### HOW TO COMPLETE THIS TASK
Beginning with the line that contains "Cozy 2BR Sky", retype the entries below exactly, ending with the line that contains "L-Dk - Vol.15 Chapter 64". Leave out any pictures.

### MATERIAL TO PROCESS
--------------------

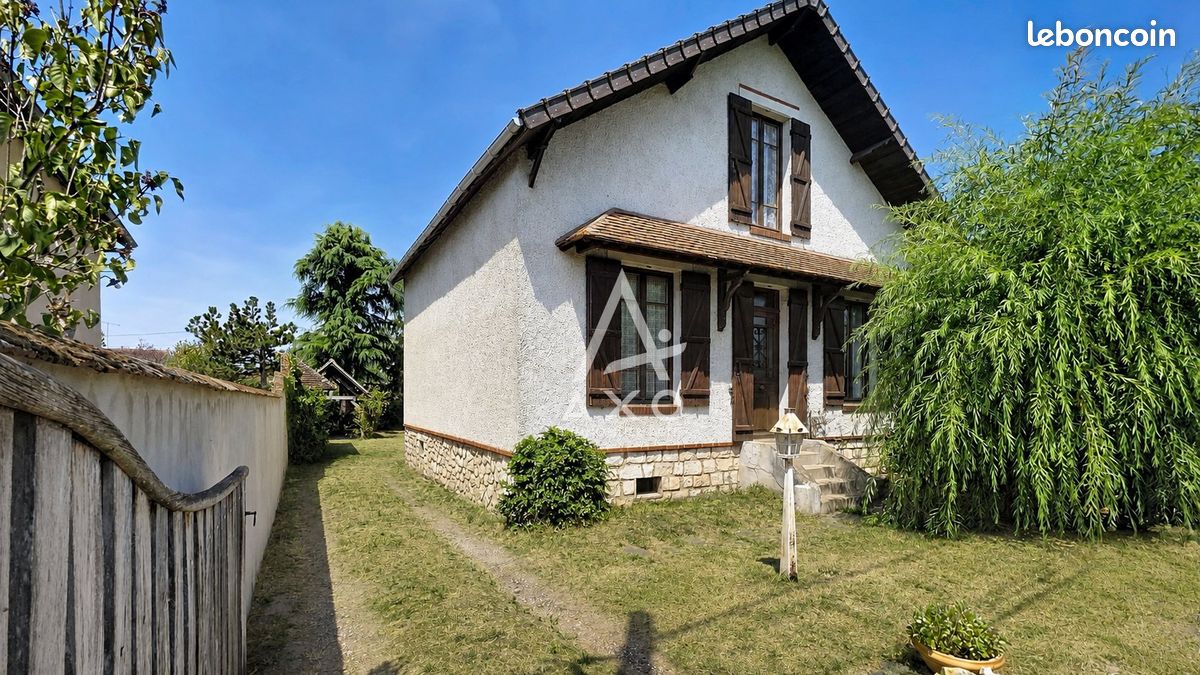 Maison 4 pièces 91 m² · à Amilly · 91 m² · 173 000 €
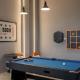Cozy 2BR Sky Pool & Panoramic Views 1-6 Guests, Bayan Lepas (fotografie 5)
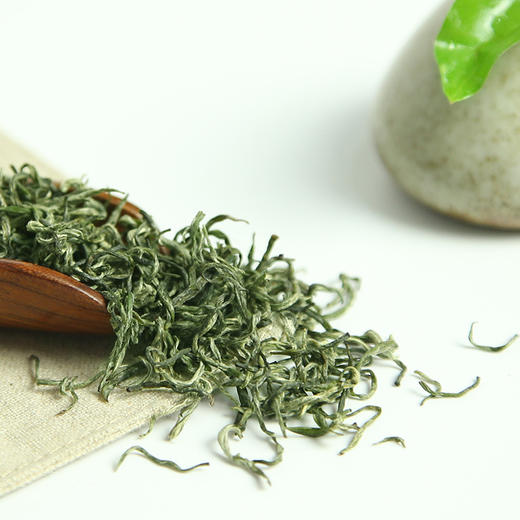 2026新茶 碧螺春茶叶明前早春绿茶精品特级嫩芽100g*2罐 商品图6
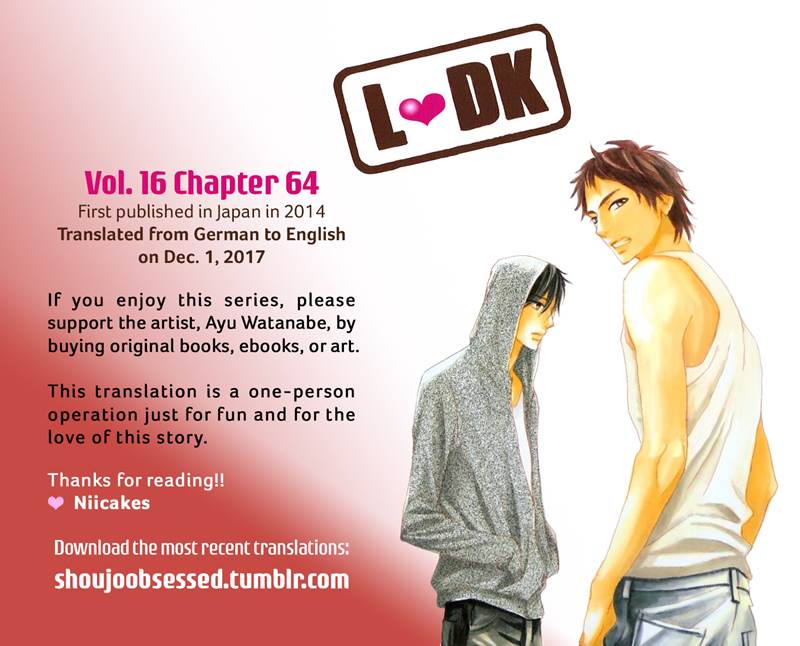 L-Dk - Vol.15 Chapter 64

--------------------

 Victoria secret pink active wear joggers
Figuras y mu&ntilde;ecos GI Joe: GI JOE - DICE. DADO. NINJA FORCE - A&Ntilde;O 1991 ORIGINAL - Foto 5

--------------------

### YOUR RESPONSE
Cozy 2BR Sky Pool & Panoramic Views 1-6 Guests, Bayan Lepas (fotografie 5)
 2026新茶 碧螺春茶叶明前早春绿茶精品特级嫩芽100g*2罐 商品图6
 L-Dk - Vol.15 Chapter 64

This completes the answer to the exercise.